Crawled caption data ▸
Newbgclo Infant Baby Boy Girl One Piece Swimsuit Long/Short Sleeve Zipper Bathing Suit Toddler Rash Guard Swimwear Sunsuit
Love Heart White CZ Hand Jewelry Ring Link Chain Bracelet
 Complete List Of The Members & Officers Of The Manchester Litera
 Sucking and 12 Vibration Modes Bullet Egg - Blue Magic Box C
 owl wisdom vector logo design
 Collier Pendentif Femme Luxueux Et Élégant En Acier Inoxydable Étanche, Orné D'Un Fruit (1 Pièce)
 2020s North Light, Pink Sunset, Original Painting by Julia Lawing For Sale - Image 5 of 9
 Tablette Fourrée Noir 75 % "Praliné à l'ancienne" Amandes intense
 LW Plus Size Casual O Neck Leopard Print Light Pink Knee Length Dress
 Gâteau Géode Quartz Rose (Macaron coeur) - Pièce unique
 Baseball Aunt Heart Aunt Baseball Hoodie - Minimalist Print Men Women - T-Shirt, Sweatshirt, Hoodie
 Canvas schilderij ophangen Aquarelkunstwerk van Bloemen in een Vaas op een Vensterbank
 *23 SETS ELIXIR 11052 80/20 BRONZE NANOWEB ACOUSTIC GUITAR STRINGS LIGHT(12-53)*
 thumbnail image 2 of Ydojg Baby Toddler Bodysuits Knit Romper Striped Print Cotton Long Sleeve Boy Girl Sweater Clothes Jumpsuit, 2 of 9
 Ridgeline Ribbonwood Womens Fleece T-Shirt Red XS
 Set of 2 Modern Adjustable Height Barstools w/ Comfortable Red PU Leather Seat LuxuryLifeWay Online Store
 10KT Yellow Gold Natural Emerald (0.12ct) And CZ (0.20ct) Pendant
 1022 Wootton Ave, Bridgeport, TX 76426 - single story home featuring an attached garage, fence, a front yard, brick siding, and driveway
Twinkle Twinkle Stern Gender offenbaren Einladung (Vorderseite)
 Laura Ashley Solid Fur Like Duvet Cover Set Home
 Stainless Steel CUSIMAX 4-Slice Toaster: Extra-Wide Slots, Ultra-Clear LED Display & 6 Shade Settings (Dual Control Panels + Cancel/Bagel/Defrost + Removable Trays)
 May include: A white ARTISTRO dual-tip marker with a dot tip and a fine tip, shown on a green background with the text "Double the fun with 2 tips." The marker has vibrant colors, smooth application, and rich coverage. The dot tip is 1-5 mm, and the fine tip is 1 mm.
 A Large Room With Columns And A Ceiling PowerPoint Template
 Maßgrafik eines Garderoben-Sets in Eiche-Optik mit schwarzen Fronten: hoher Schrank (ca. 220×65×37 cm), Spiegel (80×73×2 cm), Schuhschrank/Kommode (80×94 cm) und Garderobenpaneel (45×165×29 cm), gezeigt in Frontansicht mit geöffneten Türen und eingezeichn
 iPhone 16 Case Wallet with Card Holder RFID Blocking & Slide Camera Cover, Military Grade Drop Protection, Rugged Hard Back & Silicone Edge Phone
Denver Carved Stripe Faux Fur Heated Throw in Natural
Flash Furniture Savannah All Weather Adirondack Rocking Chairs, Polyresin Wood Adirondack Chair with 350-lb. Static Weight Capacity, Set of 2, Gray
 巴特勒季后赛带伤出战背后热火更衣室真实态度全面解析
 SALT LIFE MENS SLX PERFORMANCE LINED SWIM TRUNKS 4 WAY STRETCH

Task to complete ▸
From the first line of the records above down to the line containing "Baseball Aunt Heart", repeat each line exactly as written. Include both of those lines and add nothing.

Reply to the task ▸
Newbgclo Infant Baby Boy Girl One Piece Swimsuit Long/Short Sleeve Zipper Bathing Suit Toddler Rash Guard Swimwear Sunsuit
Love Heart White CZ Hand Jewelry Ring Link Chain Bracelet
 Complete List Of The Members & Officers Of The Manchester Litera
 Sucking and 12 Vibration Modes Bullet Egg - Blue Magic Box C
 owl wisdom vector logo design
 Collier Pendentif Femme Luxueux Et Élégant En Acier Inoxydable Étanche, Orné D'Un Fruit (1 Pièce)
 2020s North Light, Pink Sunset, Original Painting by Julia Lawing For Sale - Image 5 of 9
 Tablette Fourrée Noir 75 % "Praliné à l'ancienne" Amandes intense
 LW Plus Size Casual O Neck Leopard Print Light Pink Knee Length Dress
 Gâteau Géode Quartz Rose (Macaron coeur) - Pièce unique
 Baseball Aunt Heart Aunt Baseball Hoodie - Minimalist Print Men Women - T-Shirt, Sweatshirt, Hoodie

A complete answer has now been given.